La costruzione di una moschea - a Cornigliano o altrove poco importa - con
spazi ampi e confortevoli, è anche e soprattutto una questione di dignità,
secondo Abdul Karim Abuyuness, trentatreenne artigiano e tra i sei imam
della comunità islamica genovese, che ha nel palestinese Husein Salah la
massima guida spirituale. Non era presente, Salah, ieri alle 14, nel centro
islamico di via Sasso, a Sampierdarena, per celebrare la "solenne"

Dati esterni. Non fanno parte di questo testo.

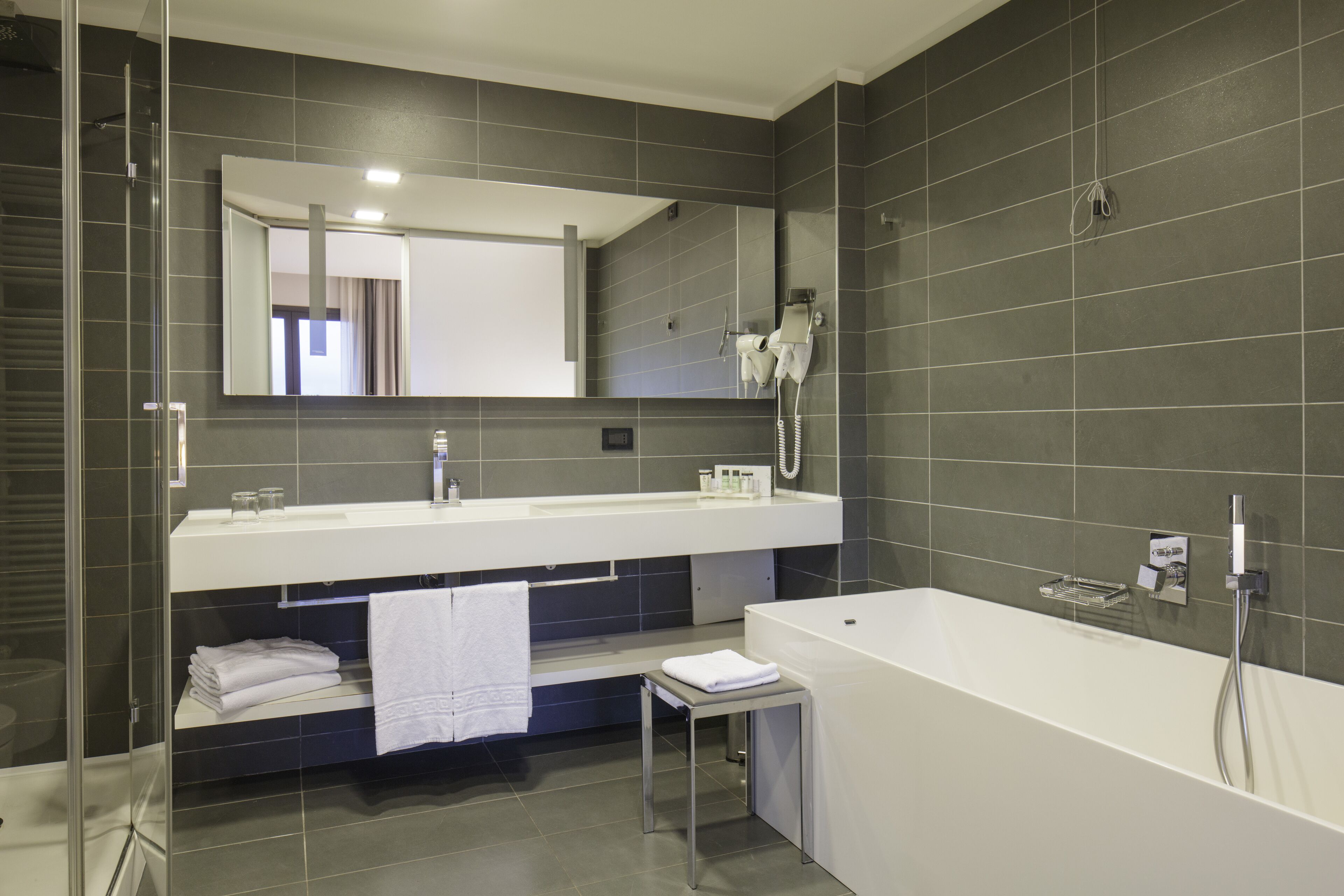 majestic junior suite | bathroom | deep-soaking bathtub, rainfall showerhead, free toiletries, bathrobes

preghiera settimanale, svolgendo, come ogni venerdì, la stessa funzione a
beneficio dei musulmani rinchiusi nel carcere di Marassi. C'era però il suo
vice, Mustafà Elhor, 36 anni, marocchino, a Genova dall'89, tre figli,
operaio nei cantieri navali: «Sul progetto della moschea di Cornigliano è
stato sollevato un polverone politico - dice - ma a Genova esistono già
quattro piccole moschee, che non danno fastidio a nessuno: la più grande in
via Sasso, altre tre nel centro storico e al Cep di Pra'». «La moschea di
via Coronata sarà aperta a tutti - aggiunge Abuyuness - organizzeremo
convegni, incontri, feste, in nome del dialogo».
E il rischio terrorismo denunciato dai partiti del centro destra? La paura,
innegabile, di tanti corniglianesi? «E' nostra cura e interesse difendere
la reputazione della comunità - risponde Abuyuness - Conosciamo uno per uno
i frequentatori dei luoghi di culto ed esiste un organismo di controllo che
valuta la condotta dei fedeli, in particolare dei nuovi arrivati».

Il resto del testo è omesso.